As I watched I suddenly remembered the same thing happening to me at the World Championships in 2012.
I hadn’t recalled it at any point in the intervening five years.
I’d imagine I forgot because if you’re used to racing on roads that are open to other non-race traffic, as is the norm in the UK, events like this are so common that they vanish into the fog of breathless adrenaline.
Rogue dogs, horses, cars… you leave them behind very easily.
One acquaintance finished a race in North Yorkshire a few years ago and only remembered he’d been shot with an air pistol from a passing car when he noticed a hole in his right buttock that hadn’t been there when he started.
On the buses
Some interventions, however, are hard to forget.
At the National 100-mile TT Champs in 2005, there was a vintage bus rally happening down the road.
On a downhill stretch I got overtaken very, very gradually, by an elderly Routemaster.
On the platform was a man in a period conductor’s uniform. Coughing on diesel fumes and anxious to know if they’d be getting off the road, I asked him if they were going to the rally.

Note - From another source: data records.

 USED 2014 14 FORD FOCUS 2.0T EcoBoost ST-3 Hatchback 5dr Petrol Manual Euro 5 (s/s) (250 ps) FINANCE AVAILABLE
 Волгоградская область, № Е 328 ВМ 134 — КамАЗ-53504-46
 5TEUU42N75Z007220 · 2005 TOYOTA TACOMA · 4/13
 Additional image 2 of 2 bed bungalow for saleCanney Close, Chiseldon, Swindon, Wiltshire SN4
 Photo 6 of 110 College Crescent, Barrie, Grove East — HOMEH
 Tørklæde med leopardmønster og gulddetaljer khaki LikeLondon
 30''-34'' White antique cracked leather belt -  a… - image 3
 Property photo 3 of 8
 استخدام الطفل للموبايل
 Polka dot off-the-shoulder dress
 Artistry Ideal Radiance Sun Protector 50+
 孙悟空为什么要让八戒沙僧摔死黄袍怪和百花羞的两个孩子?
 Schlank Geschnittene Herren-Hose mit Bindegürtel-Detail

“Of course we’re going to the bleeding rally,” he said. “Do you think we leaked through a wormhole from 1955? Where are you going?”
I explained I was in a bicycle race.
“How’s it going?” he said.
“I’m winning,” I told him.
“Good show. I suppose you’d like us to get out of your way?” He rang the bell to get the driver to pull over.
“It’s his bus, and he absolutely hates me ringing the bell,” the conductor explained gleefully.
I also remember very clearly a race in Ireland that almost came to grief when two elderly nuns in a Ford Fiesta pulled out of a side road, behind the race escort but just in front of the bunch.
We all managed to stay upright. Then for 10 miles, until they turned off again, the nuns drove along at 25mph with 150 riders tucked in quietly behind them.
No one was prepared to start the swearing. The commissaires didn’t want to invite eternal damnation either, because nuns are the only thing commissaires are scared of.
I’d be prepared to guarantee that the nuns themselves had no idea any of us were even there, because nuns never use the rear view mirror.
But even on open roads often the best trouble is still with a nice traditional dog.
A college friend called Arthur once blew spectacularly towards the end of a 100-mile event.
He was creeping agonisingly towards the finish when he was overtaken by a teenage girl on a bike, complete with a dog in a basket.
“Are you in the race?” the girl asked. He denied it. He denied knowing that there was a race happening. He denied ever having heard of bike racing.
“Oh. I just wondered, since you’re wearing a race number and everything,” she said innocently.
She rode away, on up the road in front of him. The dog panted back at him happily.
I know several people who’ve been knocked off by a dog, and several more like Sagan and myself who’ve had to swerve to avoid them.
Arthur is still the only man I know who’s been dropped by one.